Ami Nakai Leads Women’s Short Program at Milano Cortina 2026

Japan Takes Historic Top Three Spots After Olympic Short Program in Milan

Teenager Ami Nakai stunned the field to lead a Japanese sweep of the first three places in the women’s short program at the 2026 Milano-Cortina Olympics, scoring 78.71 with a clean triple Axel and two triple-triple combinations.

Nakai’s Triple Axel Reshapes Rankings

Seventeen-year-old Nakai, fourth at Japan’s national championships in December, opened with the only fully rotated triple Axel of the night and never trailed. A textbook triple Lutz-triple toe and a solo triple loop to “La Strada” gave her a 1.48-point lead over three-time world champion Kaori Sakamoto and a 4.71-point cushion over world bronze medalist Mone Chiba. Through an interpreter, Nakai said she had hoped merely “to enjoy the Olympic ice,” yet she posted the highest international score of her debut senior season.

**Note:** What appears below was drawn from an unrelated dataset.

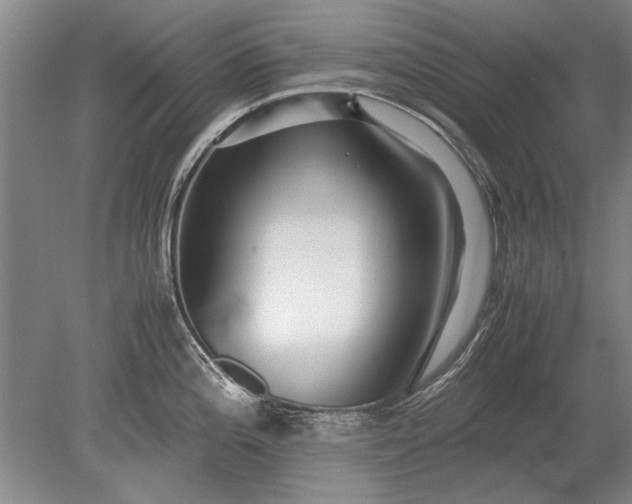 X0000079301196200612011742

Sakamoto Holds Off Nerves for Second Place

Sakamoto, carrying Japan’s momentum after gold medals in pairs and men’s events, admitted her knees and hands shook until fatigue “turned nerves into fuel.” A slight under-rotation on the second jump of her triple Lutz-triple toe left her at 77.23, still enough to beat every non-Japanese skater. “Watching our other champions made me think, ‘We can do this again,’” she said.

Liu Sets Personal Best to Keep U.S. in Medal Hunt

World champion Alysa Liu rescued an otherwise shaky American night, landing a triple Lutz-triple loop for a personal-best 76.59. The jump was ruled a quarter short, but the 19-year-old’s skate to “Promise” keeps the United States within three points of the lead heading into Thursday’s free skate. Liu is the only non-Japanese skater inside that margin.

Record Nine Women Top 70 Points

Depth ruled the segment: nine women broke 70 points, the most since the +5/-5 Grade of Execution scale was introduced. Neutral Athlete Adeliia Petrosian (75.04), European champion Anastasiia Gubanova (74.21), Belgium’s Loena Hendrickx (73.87), American Isabeau Levito (72.60) and South Korea’s Haein Lee (71.95) occupy places five through nine, each still in podium range.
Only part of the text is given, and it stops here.